UK estate agency branches saw a steady month in both sales and lettings activity in March 2026, with key indicators showing modest growth in demand and instruction levels across the board.
On the sales side, the average number of agreed sales per member branch edged up to 8.14, while branches typically had around 10.1 properties listed for sale during the month.
Buyer demand also strengthened slightly, with the average number of new prospective buyers registering per branch rising to 78. Viewing activity picked up as well, averaging 2.8 viewings per available property, up on the previous month.
Nathan Emerson, CEO Propertymark, commented: “March was a month that delivered some encouraging signs across the housing market, with sales agreed, buyer registrations and viewing activity all moving in a positive direction as we entered the traditionally busier spring period. Although inflation remained above target and global economic pressures continued to influence sentiment, we saw many buyers adapting to current borrowing conditions and proceeding where pricing expectations were realistic.

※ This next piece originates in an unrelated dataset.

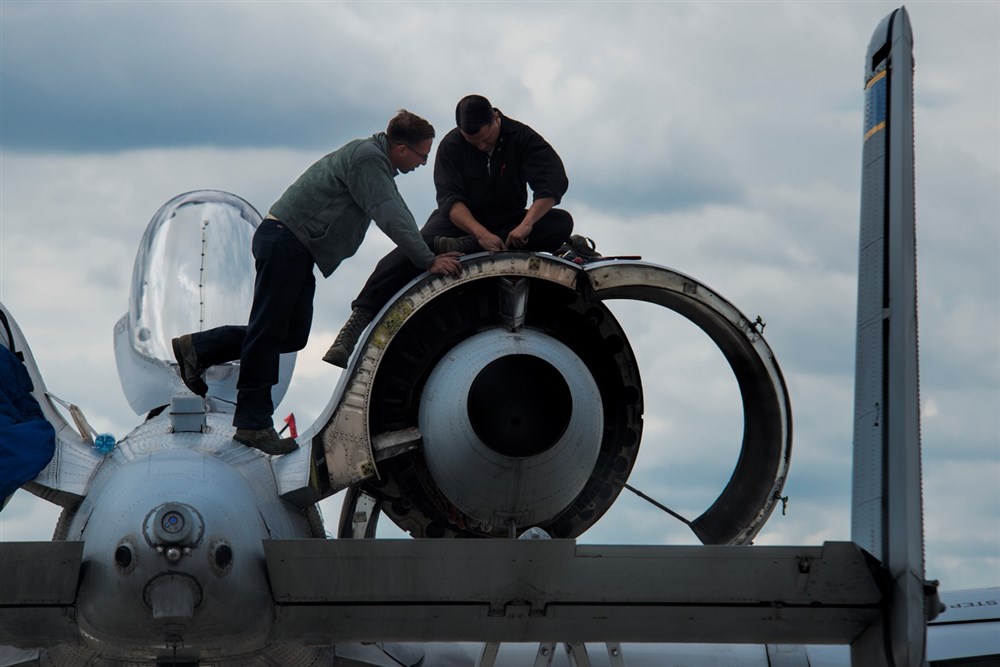 U.S. Air Force crew chiefs from the 354th Expeditionary Fighter Squadron perform maintenance on a U.S. Air Force A-10 Thunderbolt II attack aircraft engine during a theater security package deployment to Lask Air Base, Poland, July 9, 2015. The U.S. and Polish air forces will conduct training aimed to strengthen interoperability and demonstrate the countries' shared commitment to the security and stability of Europe. (U.S. Air Force photo by Staff Sgt. Christopher Ruano/Released)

“We also saw improved levels of stock entering the market, which was helping to provide consumers with greater choice and creating a more balanced environment in some areas. However, affordability pressures continued to weigh heavily for many households, particularly as mortgage rates remained sensitive to wider economic events.
In lettings, instruction levels showed a small increase, with the average number of new fully managed properties coming to market rising to 4.5 per branch.
Market conditions on rents were broadly stable. Around 57% of agents reported rents remaining unchanged, while 28% saw increases and 15% recorded falls.
Void periods averaged 3.3 weeks across member branches, indicating relatively steady rental turnover. Arrears issues remained limited, although the proportion of agents reporting problems edged up slightly to 2.2%.
Emerson added: “Within the lettings sector, demand continued to significantly outpace supply despite a modest uplift in available stock. Many agents were reporting ongoing concern from landlords surrounding future regulatory changes, which were influencing investment decisions and contributing to longer-term supply challenges. Ensuring a stable and sustainable private rented sector remains essential to supporting tenants and maintaining choice across the market.”